▼

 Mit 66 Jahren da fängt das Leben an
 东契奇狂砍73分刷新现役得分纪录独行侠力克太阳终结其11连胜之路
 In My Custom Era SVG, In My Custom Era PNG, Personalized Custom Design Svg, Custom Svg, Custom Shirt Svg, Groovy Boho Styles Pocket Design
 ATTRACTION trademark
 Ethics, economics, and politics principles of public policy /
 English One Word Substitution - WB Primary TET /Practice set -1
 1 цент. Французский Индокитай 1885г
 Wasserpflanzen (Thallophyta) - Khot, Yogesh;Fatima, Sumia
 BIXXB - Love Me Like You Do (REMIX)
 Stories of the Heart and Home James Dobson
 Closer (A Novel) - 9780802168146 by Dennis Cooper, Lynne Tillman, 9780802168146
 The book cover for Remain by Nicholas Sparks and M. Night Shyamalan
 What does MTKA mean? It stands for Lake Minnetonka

▲

● **ACTIVITY**
Please retype exactly, and only, the lines starting at the one that contains "The book cover" and ending with the last line of the material.

● **ANSWER**
 The book cover for Remain by Nicholas Sparks and M. Night Shyamalan
 What does MTKA mean? It stands for Lake Minnetonka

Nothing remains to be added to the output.